Since undertaking its first seabed survey project in Taiwan 3 years ago, Kraken Robotics Inc. (Kraken) has supported the installation of over 1.8 GW of green energy through the use of the innovative 3D acoustic Sub-Bottom Imager™ (SBI).

With a 10+ year track record and more than 30,000 kilometers of high-resolution seabed surveys for offshore energy, Kraken has provided services for major offshore developers and contractors such as Ørsted, Scottish Power Renewables, Scottish and Southern Energy, RWE, Equinor, and Vattenfall. From our initial activities mainly in Europe, Kraken has more recently expanded to support projects in the US and Asia Pacific, including Australia and Taiwan.
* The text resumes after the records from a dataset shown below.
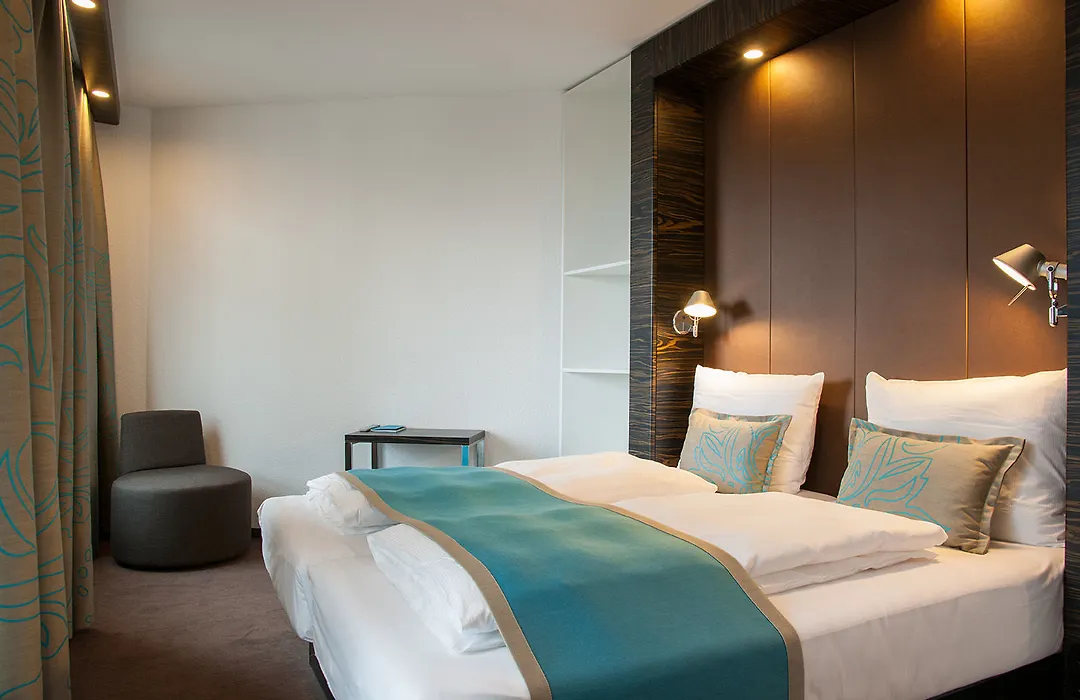 Motel One Duesseldorf-Hauptbahnhof-1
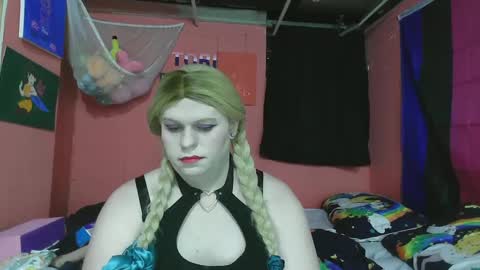 Snapshot of sluttytorismith chatting on February 9, 6:01 am Tori Smith online show from February 9, 6:01 am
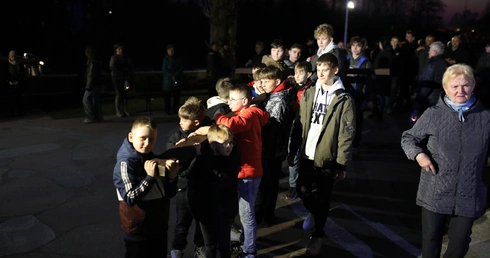 Słupia. Droga Krzyżowa w intencji trzeźwości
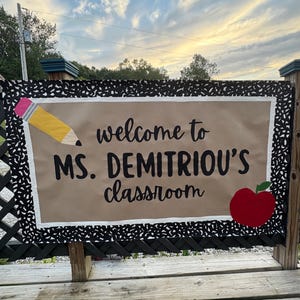 Hand-Painted Teacher Welcome Banner: Personalized Classroom Decor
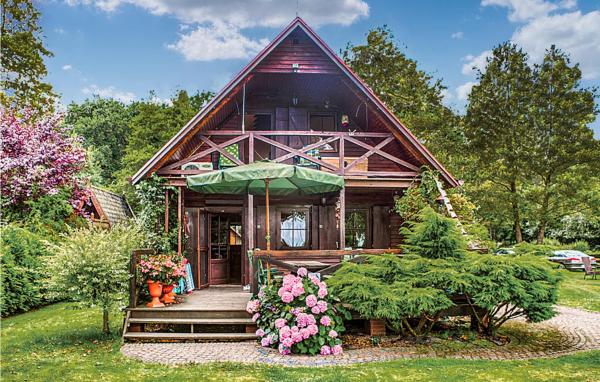 2 Bedroom Beautiful Home In Nowe Warpno, Забронировать Дом для отпуска Коттеджи Нове-Варпно, Коттедж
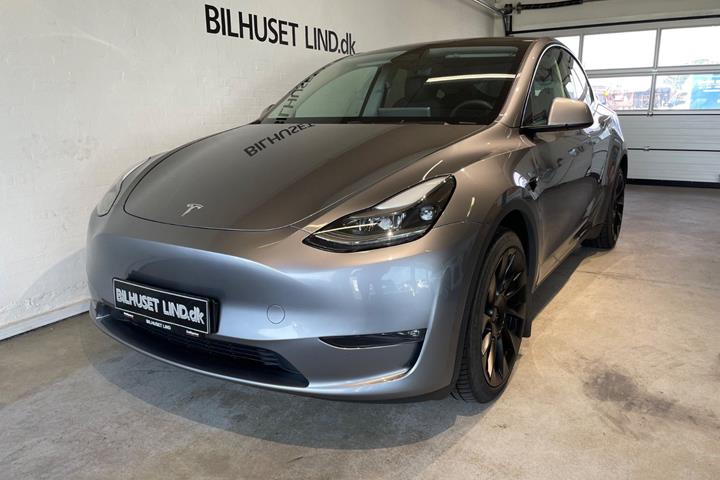 Sølv Tesla Model Y fra 2024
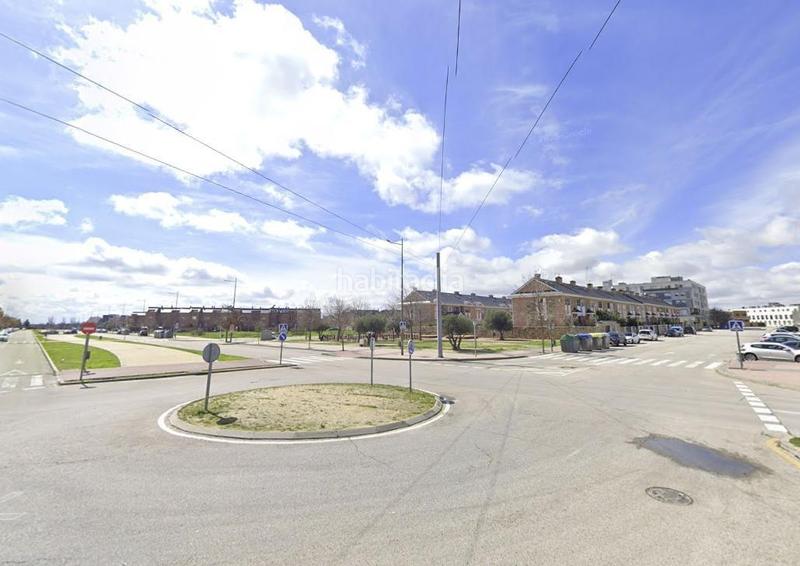 Foto b698bc80-8d8a-48ef-b55e-2e3da2a900f3. Casa amb aparcament piscina a Parla este Parla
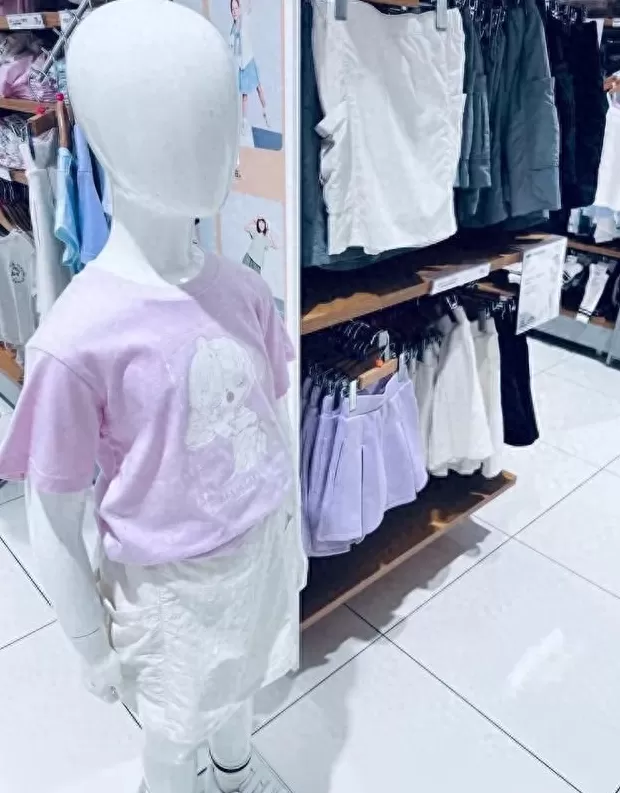 迪士尼夏季新款女宝宝 优衣库女童童趣穿搭：淡紫童话风，解锁夏日甜美活力
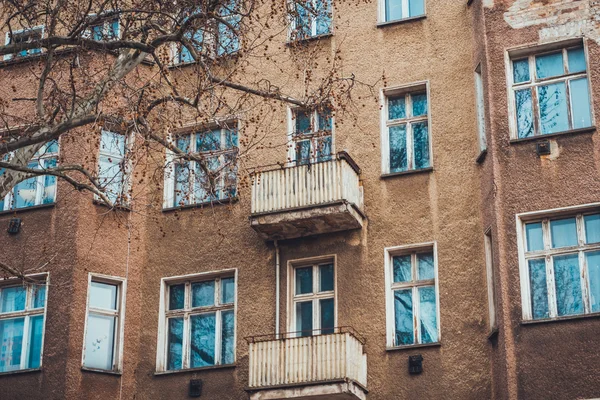 Балкони посеред багатоквартирного будинку — стокове фото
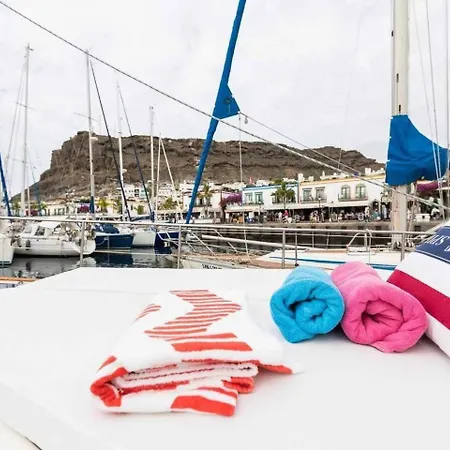 Precioso Yate En El Centro Del Puerto De Mogan-3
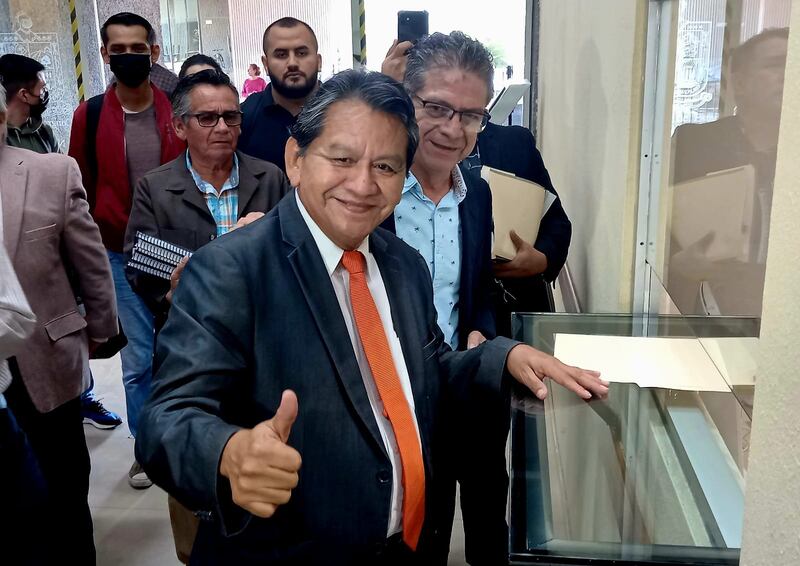 Mario Alberto Hernández Ramírez también donó tres de sus libros a la biblioteca del Congreso.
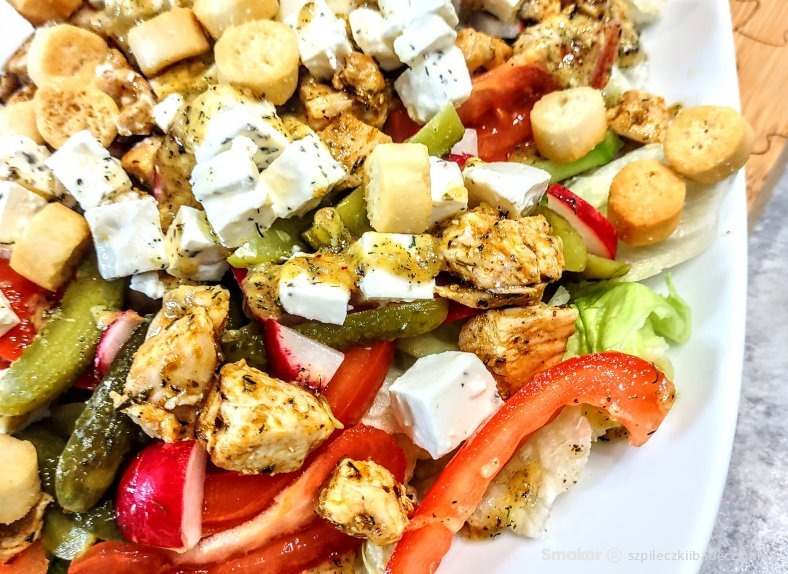 sałatka warzywna  z mięsem 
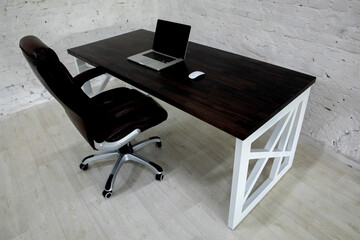 Table in a modern style.
Loft table.
Metal table with wooden inserts.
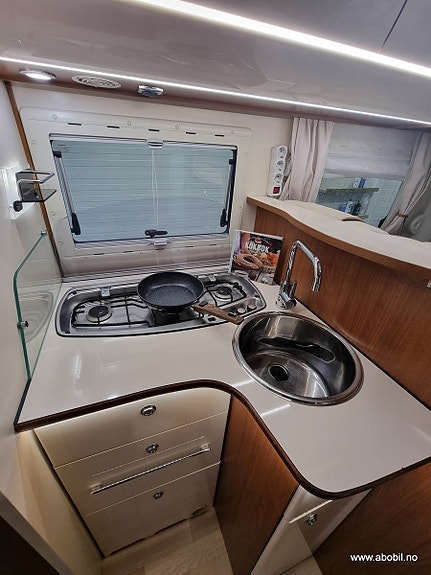 Autostar PASSION I720SUA EURO6B Unik løsning med salong bak! / Solcellepanel / 177HK 14 of 30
Taiwan has an ambitious target of generating 5.6 GW of green energy by 2025, and Kraken has been in country supporting this energy transition from an early stage, having supported the cable installation projects from 2021 onwards, providing cable burial assessment and highlighting areas of remedial trenching requirements.

Following successful projects, Kraken’s SBI has been recognized as the ideal cable assessment survey sensor for other regional projects which require cables to be buried deeper into the seabed providing protection from vessel traffic and mobile seabed sediments. By imaging to 5-meter burial depth, the SBI enabled these projects to image the entirety of the cable network, confirming their depth and thus their protection.

With successful offshore wind development projects to date relying on Kraken’s technologies, Taiwan has reached their 1.8 GW milestone early in 2024. With support from other Scottish-Based companies such as Motive Offshore, who have local personnel and facilities, Kraken has been able to maintain SBI units in Taiwan, storing and maintaining them when not in use offshore.

With more projects on the horizon, Kraken’s supported total will surpass 3 GW in 2025, representing over 50% of installed capacity in Taiwan, all of which will have been during the construction phase. As windfarms complete construction and enter the operational and maintenance phase, additional cable inspections are required periodically throughout the operational life of the windfarm, providing future market opportunities.